What doesn’t seem to be heading in the right direction is confidence. We’ve all seen the effects of a loss of confidence recently in the precious metals markets, where gold and silver especially are falling way lower than the economic situation would seem to predict. The most likely explanation is that investors simply don’t believe they’ll get their money back if they buy into these commodities, so they’re looking elsewhere – and the lack of demand pushes prices inexorably downwards. The same effect can apply at a higher level, affecting the whole economy, and there are strong signs that could be happening right now.
One example of this trend is the recent American Values Survey. Since 2010 this survey has been asking respondents whether the American Dream – the idea that if you work had you can be successful – is still a valid idea. The numbers who believe it is has now dropped to just over 40 percent – the lowest since the question was first asked.
On the surface at least it’s surprising that people are so pessimistic. US unemployment is now at a six-year low, according to September’s figures – the jobless rate is now down to 5.9 percent. Second quarter growth shows that GDP jumped by 4.6 percent, the fastest since 2011. These numbers don’t seem to be resonating with the American public though. So what does that mean for the economy?

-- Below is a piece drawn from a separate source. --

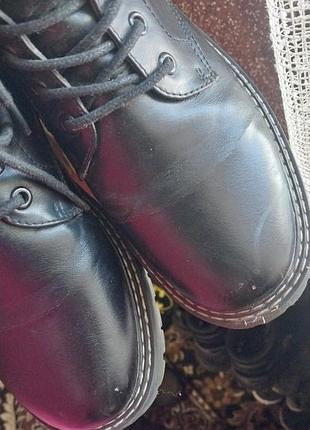 Ботинки демісезонки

If people lack confidence they will be more cautious when it comes to spending money. Any spare cash that might have gone towards buying goods or even been invested will be saved or used to pay down existing debts. That means lower retail figures, which is a real worry with the holiday season – the traditional spending splurge – coming up. While nobody’s predicting a financial Grinch stealing retailers’ Christmas, seasonal sales don’t have to fall by much to make a dent in the economy. Lower retail sales mean lower employment in the retail sector and less security for those who do have jobs, which leads to even more cautious spending. Manufacturers also take a hit, and the effects ripple out across the economy.
Unless it’s turned around, low confidence will start to pull growth figures down and that will inevitably affect the stock markets. These are already unstable, as seen by last week’s sudden fall and recovery of the Dow, and speculation about a renewed debt crisis in the Eurozone isn’t helping any. It looks like the USA is still making progress at dragging itself out of the recession, but as long as the American people aren’t feeling the benefits that recovery will remain fragile.